6th Chief Minister of Uva
- In office 20 August 2009 – 13 January 2015
- Preceded by: Gamini Vijith Vijithamuni Soysa
- Succeeded by: Harin Fernando

Personal details
- Born: 28 June 1976 (age 49) Sri Lanka
- Citizenship: Sri Lanka
- Party: Sri Lanka Podujana Peramuna
- Spouse: Lekshika Naomi Rajapaksa
- Children: Tavissh Rajapaksa, Mitheash Rajapaksa
- Parent: Chamal Rajapaksa (father);
- Relatives: Mahinda Rajapaksa (uncle); Gotabaya Rajapaksa (uncle);
- Education: Mahanama College, Colombo; S. Thomas' College, Mount Lavinia;
- Occupation: Member of parliament
- Profession: Politician
- Website: shasheendra.lk

= Shasheendra Rajapaksa =

Sri Lankan politician

Shasheendra Kumara Rajapaksa (known as Shasheendra Rajapaksa) is a Sri Lankan politician. He is a Member of Sri Lankan Parliament for Monaragala District and former State Minister of Paddy and Cereals, Organic Food, Vegetables, Fruits, Chilies, Onions and Potatoes, Seed Production and High Tech Agriculture.

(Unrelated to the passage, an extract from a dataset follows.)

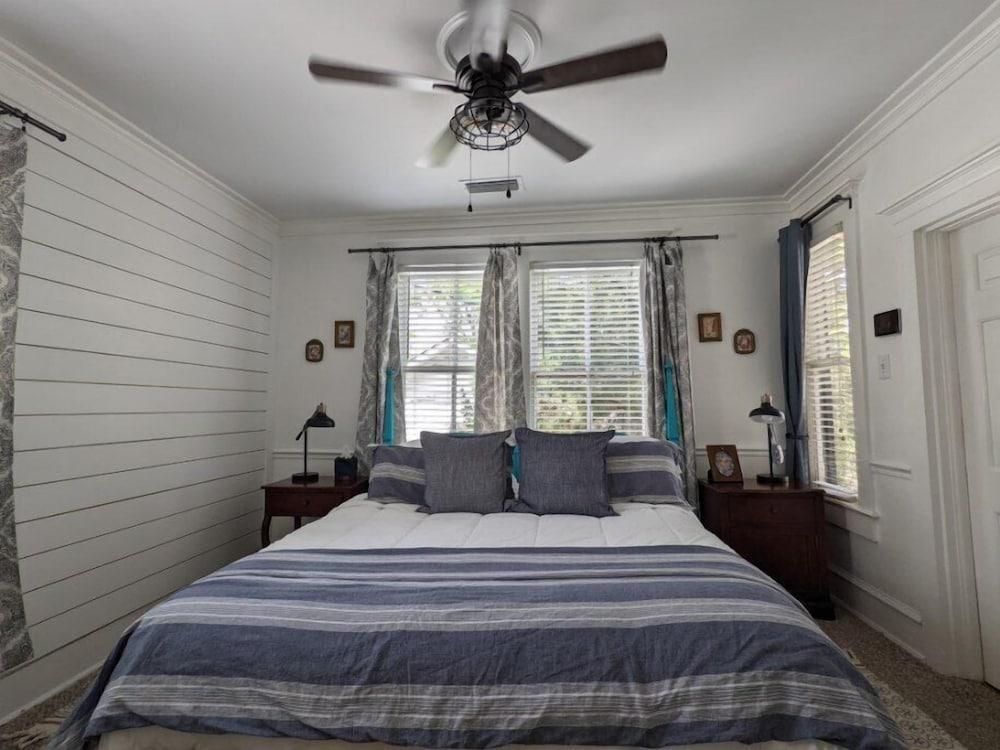 Old Powder House Inn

He was a Provincial Councillor of Uva Province who was Chief Minister of Uva Province in Sri Lanka from 2009 to 2015, and former Basnayake Nilame (Lay Custodian) of the Ruhunu Maha Kataragama devalaya. He is the eldest son of Chamal Rajapaksa and nephew of former Presidents Mahinda Rajapaksa and Gotabaya Rajapaksa.
Rajapaksa lost his position as Chief Minister of Uva Province to UNP leader Badulla Harin Fernando in 2015, when 6 UPFA members joined Fernando.